Someone needs to tell Internet NZ that the Government can already hack into encrypted messages…
Government warned over Five Eyes
Attempts by the so-called Five Eyes alliance to prevent terrorists using encrypted messages should be carefully considered, a Kiwi internet users group says.
Ministers from the intelligence sharing alliance between New Zealand, Australia, Canada, United Kingdom and United States met earlier this week to discuss how to work with communication providers to tackle terrorism.
But Internet NZ says it is worried the alliance governments will look to write new laws to force service providers to give them “backdoor” access enabling encrypted messages to be read.
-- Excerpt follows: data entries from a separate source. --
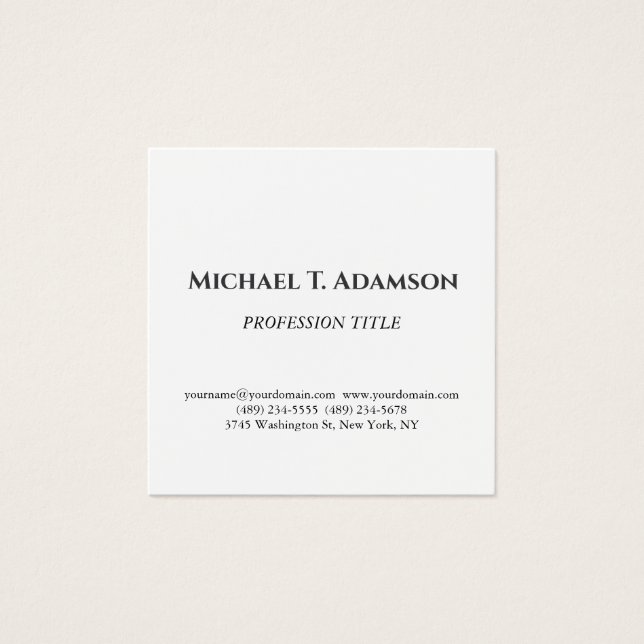 Retro Style Elegant Plain Black White Profile Card (Front)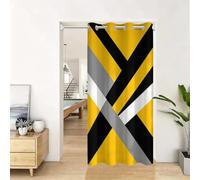Rideau de Porte Occultant Effet Isolant Thermique Anti-Froid, Motif 3D Rayures Géométriques Style Nordique 140x180cm avec Oeillets, Séparation de Pièce pour Salon et Fenêtre 1 pièce D2962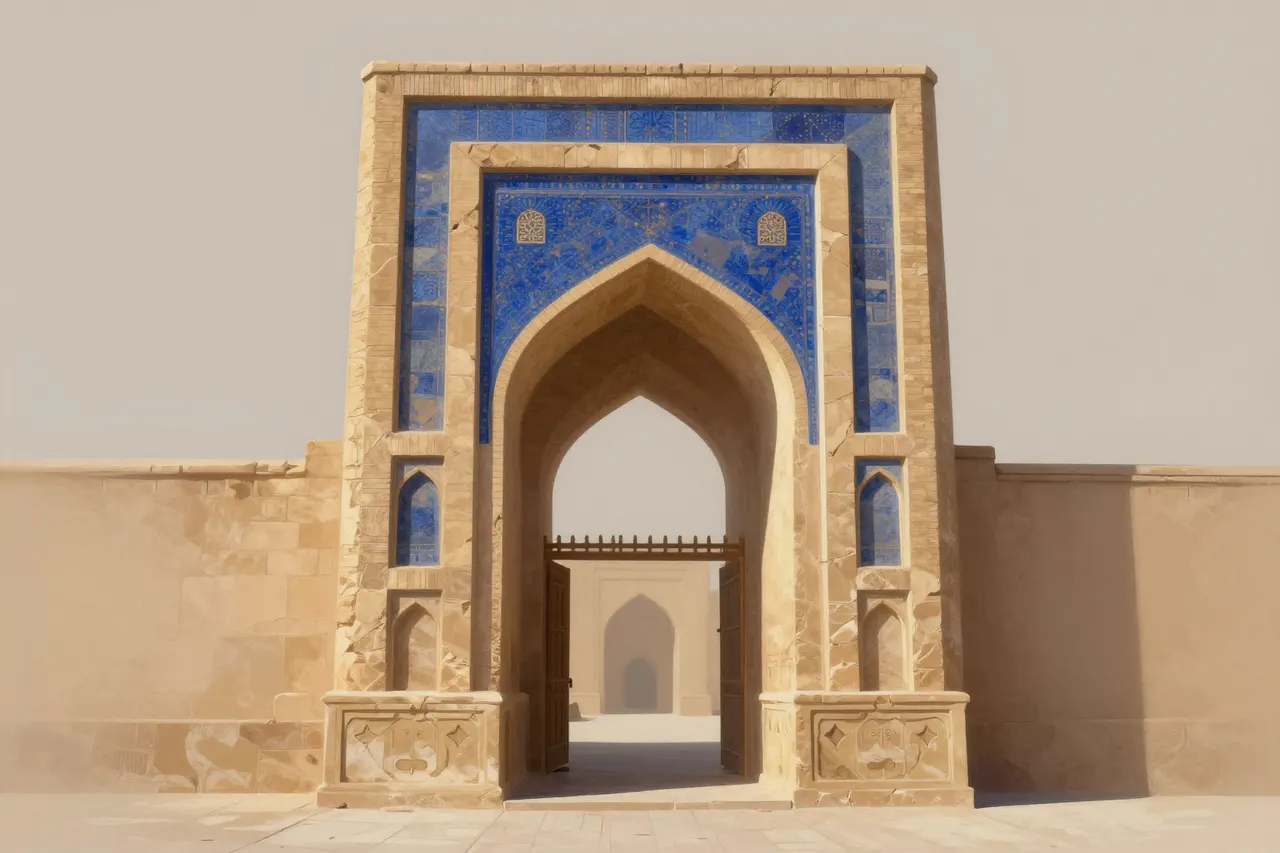 صورة توضيحية مولّدة بالذكاء الاصطناعي لـبوابة الخان سامانيّ. المشهد توضيحي ولا يمثل صورة فوتوغرافية للأصل.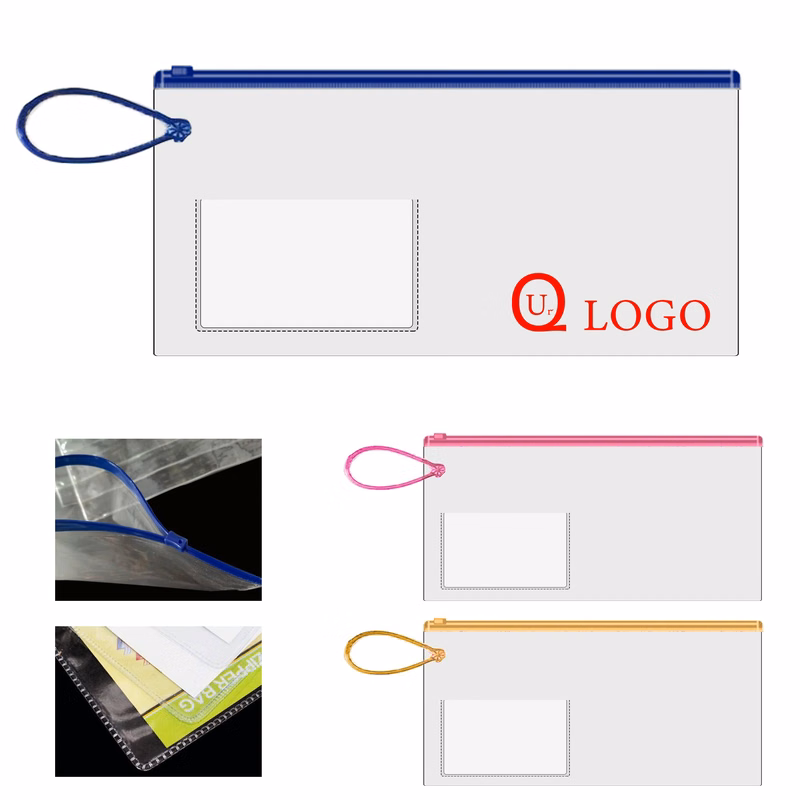 Pvc Pen Storage Bag W/ Colorful Handle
The lobby has joined Amnesty International, Human Rights Watch, Reporters Without Borders and 79 other groups in signing an open letter, addressed to the Five Eyes governments.
…it’s almost as if whoever is running Internet NZ never went to any of our meetings on the mass surveillance laws.
The Telecommunications (Interception Capability and Security) Bill forces all telecommunications companies to open their networks to surveillance, it’s the enabler legislation to the draconian civil rights abuses the GCSB can now conduct legally. There’s no point in being able to spy on NZers if all the telecommunications companies who carry the data the Government want to spy on won’t play ball, so the TICS Bill forces them to comply with their networks being open to NZs various intelligence apparatus.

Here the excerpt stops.